Richard Nixon said he wanted his administration to be "the best chronicled in history." But when Alexander Butterfield disclosed the existence of a voice-activated taping system to a Senate committee in July 1973, Nixon's White House and its recordings quickly became the most infamous in American history. The tapes dominated the final two years of Nixon's presidency, and almost single-handedly forced his resignation.
But only 60 hours were actually made public in the 1970s. Many thousands of hours remained secret and in Nixon's hands, and he fought fiercely to keep them that way right up to his death. Finally, thanks to a lawsuit brought by historian Stanley I. Kutler with the advocacy group Public Citizen, a landmark 1996 settlement with the Nixon estate and the National Archives is bringing over 3,000 hours of tapes to light. The initial release in November 1996 of over 200 hours of material comprised all those conversations concerning abuse of power -- every Watergate-related tape, as well as those concerning many other campaign misdeeds and some Pentagon Papers discussions. Finally, the full story of Nixon's downfall can be told.
From Ehrlichman's saying, "Dean's been admonished not to contrive a story that's liable not to succeed" to Nixon's asking, "Is the line pretty well set now on, when asked about Watergate, as to what everybody says and does, to stonewall?" Abuse of Power reveals a much more extensive cover-up than ever realized. From Colson's announcing, "Well, we did a little dirty trick this morning" to Nixon's ordering a McGovern watch "around the clock" to the planting of a spy in Ted Kennedy's Secret Service detail, Abuse of Power redefines the meaning of campaign tactics. And from a worried discussion of Dwayne Andreas's "bag man" to Nixon's stating that the burglars "have to be paid. That's all there is to that," to a quiet conversation with Rose Mary Woods to see if there remained $100,000 in his safe for "a campaign thing that we're talking about," here is a money trail that anyone can follow.

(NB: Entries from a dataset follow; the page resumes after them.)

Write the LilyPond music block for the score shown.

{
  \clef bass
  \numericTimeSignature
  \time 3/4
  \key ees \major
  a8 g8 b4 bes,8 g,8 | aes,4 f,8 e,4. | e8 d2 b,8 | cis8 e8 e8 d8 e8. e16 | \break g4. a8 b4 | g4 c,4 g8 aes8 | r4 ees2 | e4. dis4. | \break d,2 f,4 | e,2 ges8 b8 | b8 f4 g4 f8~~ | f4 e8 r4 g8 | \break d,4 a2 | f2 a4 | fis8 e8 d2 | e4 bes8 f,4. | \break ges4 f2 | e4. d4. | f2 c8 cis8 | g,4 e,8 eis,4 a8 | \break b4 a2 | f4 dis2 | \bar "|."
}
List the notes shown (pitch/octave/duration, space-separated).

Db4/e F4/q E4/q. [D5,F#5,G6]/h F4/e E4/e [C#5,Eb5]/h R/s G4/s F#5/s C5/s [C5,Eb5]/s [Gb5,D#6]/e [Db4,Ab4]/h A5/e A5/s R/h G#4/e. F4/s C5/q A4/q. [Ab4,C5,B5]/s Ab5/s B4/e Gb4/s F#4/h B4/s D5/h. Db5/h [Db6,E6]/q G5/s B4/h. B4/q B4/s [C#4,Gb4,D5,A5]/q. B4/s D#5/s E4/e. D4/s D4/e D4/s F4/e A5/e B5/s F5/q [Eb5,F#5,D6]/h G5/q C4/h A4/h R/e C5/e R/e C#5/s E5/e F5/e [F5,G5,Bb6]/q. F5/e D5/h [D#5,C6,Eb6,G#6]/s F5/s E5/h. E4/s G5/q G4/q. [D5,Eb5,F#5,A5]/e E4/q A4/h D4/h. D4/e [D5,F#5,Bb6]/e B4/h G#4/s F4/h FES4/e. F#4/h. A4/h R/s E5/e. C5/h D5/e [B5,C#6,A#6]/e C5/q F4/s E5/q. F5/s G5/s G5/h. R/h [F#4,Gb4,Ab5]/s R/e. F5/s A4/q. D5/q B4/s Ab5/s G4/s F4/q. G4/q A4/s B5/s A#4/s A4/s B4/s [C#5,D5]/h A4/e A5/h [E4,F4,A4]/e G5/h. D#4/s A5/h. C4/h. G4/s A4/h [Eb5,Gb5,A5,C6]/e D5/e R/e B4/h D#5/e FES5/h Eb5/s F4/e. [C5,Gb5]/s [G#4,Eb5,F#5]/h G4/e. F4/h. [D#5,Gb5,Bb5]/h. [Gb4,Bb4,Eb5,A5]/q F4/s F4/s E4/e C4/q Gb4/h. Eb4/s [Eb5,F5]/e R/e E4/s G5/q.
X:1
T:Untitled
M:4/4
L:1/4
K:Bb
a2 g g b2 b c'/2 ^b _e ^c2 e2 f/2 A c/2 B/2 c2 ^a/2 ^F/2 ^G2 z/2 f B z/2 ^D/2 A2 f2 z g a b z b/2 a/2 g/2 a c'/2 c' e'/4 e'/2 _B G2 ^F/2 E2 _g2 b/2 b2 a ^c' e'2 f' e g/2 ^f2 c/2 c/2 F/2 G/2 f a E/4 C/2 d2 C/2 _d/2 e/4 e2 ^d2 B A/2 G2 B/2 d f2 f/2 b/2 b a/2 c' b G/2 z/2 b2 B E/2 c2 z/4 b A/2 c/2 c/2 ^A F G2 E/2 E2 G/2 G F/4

Packed with revelations on almost every page, the Abuse of Power tapes offer a spellbinding portrait of raw power and a Shakespearean depiction of a king and his court. Never have the personalities of Haldeman, Ehrlichman, Colson, Haig, Kissinger, Dean, and Mitchell been so vividly captured with the spoken word. And never has an American President offered such a revealing record of his darkest self.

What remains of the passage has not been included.